Consider \(n\) independent trials where the outcome of each trial is either a success with probability \(p\), or a failure with probability \(1-p\). The number of successes in \(n\) independent trials is described by a binomial distribution with two parameters \(n\) and \(p\). We denote it by \(\mathrm{Binom}(n,p)\).
Probability Mass Function
The probability mass function of a binomial distribution is given by
\[p_X(k)=\binom{n}{k}p^k(1-p)^{n-k}\]where \(k=0,1,2,\ldots,n.\)
Expectation
The expectation of a binomial distribution is
\[\mathbb{E}[X]=np.\]$$\begin{align} \mathbb{E}[X]&=\sum_{k=0}^{n}k\binom{n}{k}p^k(1-p)^{n-k}\\ &=\sum_{k=1}^{n}k\,\dfrac{n!}{k!(n-k)!}p^k(1-p)^{n-k}\\ &=\sum_{k=1}^{n}\dfrac{n!}{(k-1)!(n-k)!}p^k(1-p)^{n-k}\\ &=np\sum_{k=1}^{n}\dfrac{(n-1)!}{(k-1)!(n-k)!}p^{k-1}(1-p)^{n-k}. \end{align}$$ We let $$k=j+1$$ so that $$\mathbb{E}[X]=np\sum_{j=0}^{n-1}\dfrac{(n-1)!}{j!(n-1-j)!}p^j(1-p)^{n-1-j}.$$ Now, from the binomial expansion formula, we have $$(a+b)^{n-1}=\sum_{i=0}^{n-1}\dfrac{(n-1)!}{i!(n-1-i)!}\,a^{i}b^{n-1-i}$$ so that $$\begin{align} \mathbb{E}[X]&=np\left[p+(1-p)\right]^{n-1}\\ &=np. \end{align}$$
Simpler Calculation
A simpler way to calculate the expectation of a binomial random variable is to realize that it is the sum of \(n\) independent Bernoulli random variables, each with parameter \(p\), i.e.,
\[X=X_1+\ldots+X_n\]so that, by linearity,
\[\begin{align} \mathbb{E}[X]&=\mathbb{E}[X_1]+\ldots+\mathbb{E}[X_n]\\ &=p+\ldots+p\\ &=np. \end{align}\]Variance
The variance of a binomial distribution is
\[\mathrm{var}(X)=np(1-p).\]To calculate the variance, we have $$\begin{align} \mathrm{var}(X)&=\mathrm{var}(X_1+\ldots+X_n)\\ &=\mathrm{var}(X_1)+\ldots+\mathrm{var}(X_n)\\ &=p(1-p)+\ldots+p(1-p)\\ &=np(1-p). \end{align}$$
Monte Carlo Simulation
We can simulate a binomial distribution by tossing a coin n
times.
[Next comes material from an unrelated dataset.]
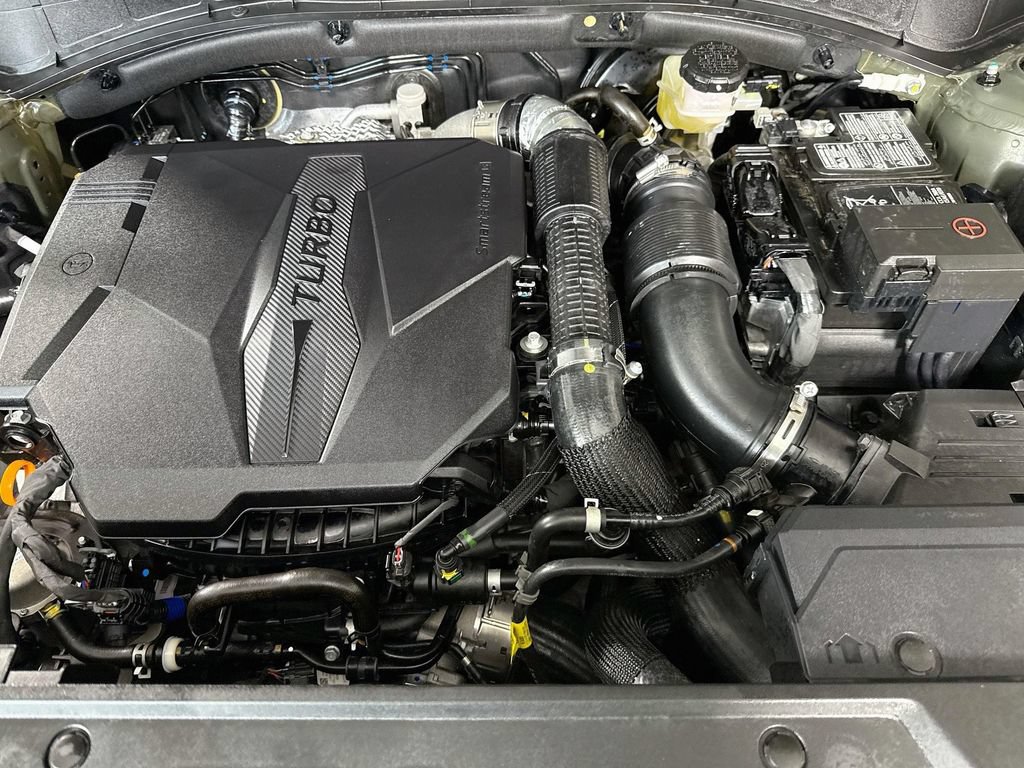 Certified 2026 Hyundai Santa Fe SEL AWD/4WD image 33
For each toss, if a head comes up, we’ll call it a success and map it to 1
. Otherwise, it’s a failure and map it to 0
. The probability of success is p
. After n
trials, we will count the number of successes. We will replicate this 10000
times and calculate the proportion of replications with k
successes. Finally, we plot the resulting distribution. The code below is an implementation of this in R
.
library(tidyverse)
n <- 25 # number of trials
p <- 0.5 # probability of success
reps <- 10000 # number of replications
num_success <- replicate(reps, {
trials <- sample(c(0, 1), size = n, replace = TRUE, prob = c(1-p, p))
sum(trials)
})
# Plot the number of success versus the proportion of replications
data.frame(num_success) %>%
ggplot(aes(num_success)) +
geom_bar(aes(y = ..prop..)) +
labs(x = "Number of Successes", y = "Probability")